The Staten Island Ferry is among the top attractions that visitors to New York City want to experience and with that in mind, Staten Island should be flooded with tourists daily.
But that hasn’t been the case. Due in large part to tour operators telling visitors that there’s “nothing to see” on our side of the boat (we have actually heard them say this when they drop passengers at the Whitehall Terminal), traditionally only small numbers of tourists have gotten off the boat and explored the Island on their own.
That’s changing. Ever since the announcement of the renaissance of the North Shore Corridor sparked by the construction of the NY Wheel, Empire Outlets, Lighthouse Point and Urby, there’s a renewed interest on Staten Island. Seriously.
I would not have believed it myself, but I’ve had the privilege of representing Staten Island at several events focused on tourism and one event for journalists who write exclusively about tourism and hot destinations. People there literally pulled on my arm and asked to talk with me about the Island – I was stunned. We are the new frontier, folks, and we need to put our best foot forward.
The good news is that that’s happening. With the support of NYC & Co., the city’s tourism bureau, the island’s attractions and cultural organizations have gotten a crash course in all things tourism in the last year from experts who live it every day, from selling themselves to tour operators to marketing materials and best practices. That’s important because if you wait for the crowds to come to your doorstep, it’s too late.

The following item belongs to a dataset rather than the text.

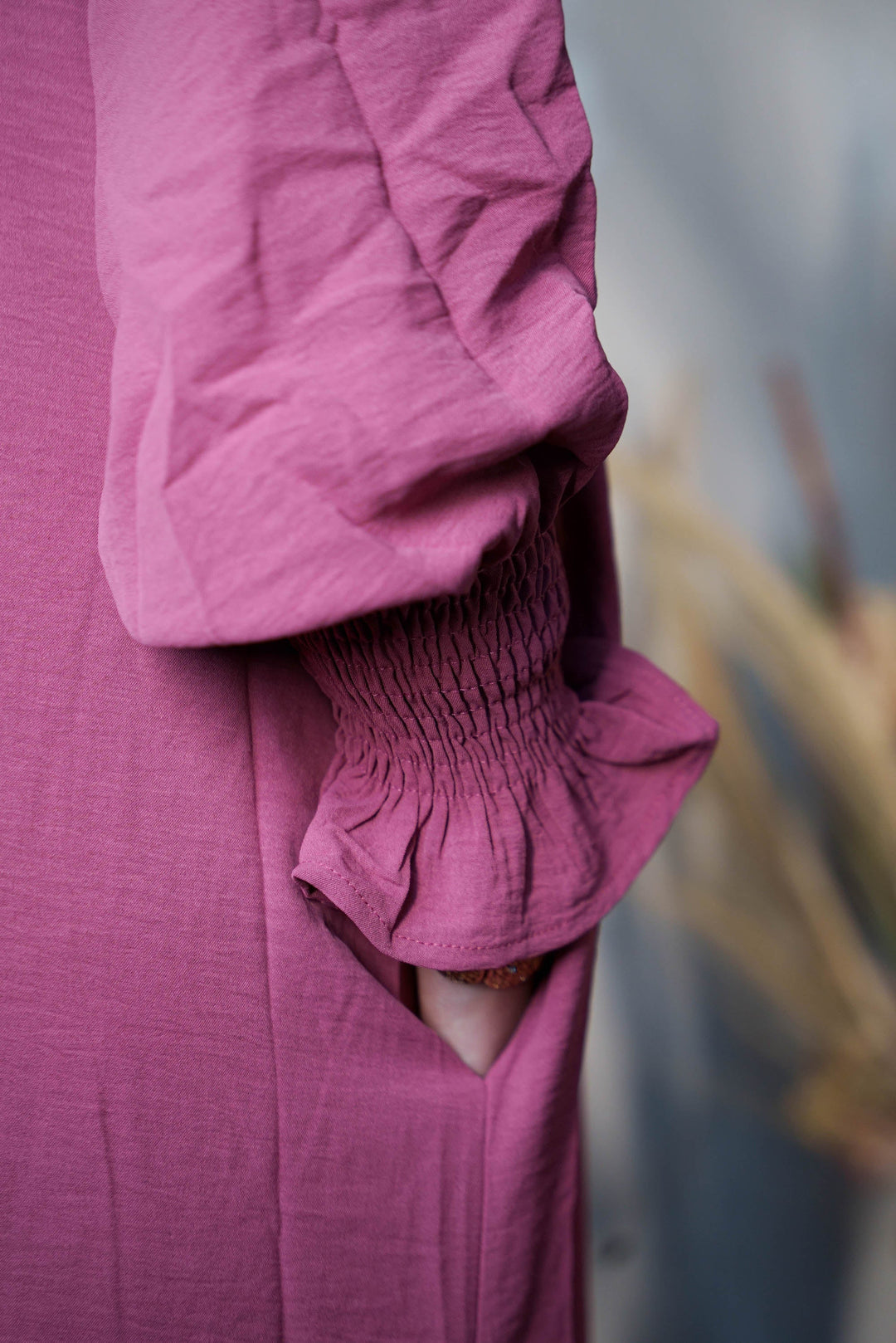 a close up of a person wearing a pink shirt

With this in mind, our office is working extremely closely with NYC & Co., the Staten Island Chamber of Commerce and an active group of culturals and attractions who are genuinely interested – and working hard – to get it right. To this end, we are working on educating each other, information sharing, finding funding, marketing and hosting tours for tour operators and journalists whose efforts will drive tourists to our shores. In fact, I’ve had several travel professionals tell me how impressed they are with Staten Island’s mobilization.

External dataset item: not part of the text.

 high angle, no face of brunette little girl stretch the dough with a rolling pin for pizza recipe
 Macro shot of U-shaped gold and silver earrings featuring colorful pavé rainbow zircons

We’ve gotten lot done in the last year – including a “destination profile,” a document that is especially helpful to tour operators. The genius of this document is that it provides a snapshot of the Island as a whole and doesn’t focus on just one or two points of interest. This is important for tour operators because they are interested in selling an itinerary – or series of “must see” things to their clients.

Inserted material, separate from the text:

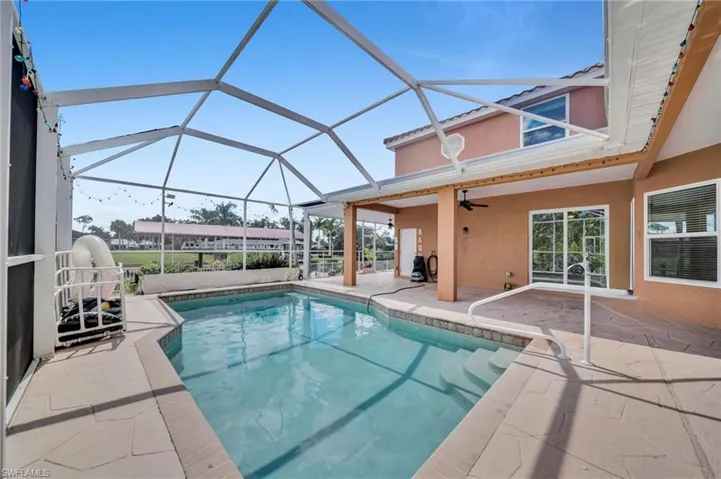 Outdoor pool with a sunroom, a patio area, glass enclosure, and ceiling fan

And it’s easy to spend several hours – or a day or two on Staten Island. The North Shore Corridor currently boasts Snug Harbor Cultural Center, the Staten Island Yankees, the Postcards Memorial, the Lighthouse Museum, the St. George Theatre, the Staten Island Museum, Flagship Brewery and other sites. All of these attractions can work well together to entice visitors to spend time here. And once the Wheel and Outlets are open for business, we expect some 7 million tourists to get off the ferry each year to see what we’re about.
Over time, the crowds will begin to move inland and beyond to experience Staten Island. Also remember that there are niche markets as well – folks who will come out to see a particular type of architecture (Seguine Mansion), visit the beach (Boardwalk Days), trek historical sites (Conference House) or pay homage to a hero (Garibaldi-Meucci Museum). In addition, Historic Richmond Town and the Staten Island Zoo have also carved out tour bus business for their sites.
Transportation – from crowded ferries to a lack of bus service- is an issue that many focus on. The reality is, however, that when the crowds begin to come, the transportation issues we are currently faced with will organically begin to work themselves out, just as they have in other parts of the city that have experienced a boom. Our frustrations are not unique and they will not tank the opportunities that tourism brings to us.
There’s no shortage of fascinating places to visit or things to do on Staten Island – if you haven’t gotten to the Noble Maritime Collection or the Alice Austen Museum yet – get there. Marketing all of our gems appropriately is the next task at hand. We are currently engaging professionals in a variety of capacities to look at how Staten Island may best be served, especially in a day and age where people rely so much on their smartphones to guide them to their next meal. In addition, we look forward to continuing to work with all of our attractions to welcome visitors and ensure a great experience, no matter the length of their stay.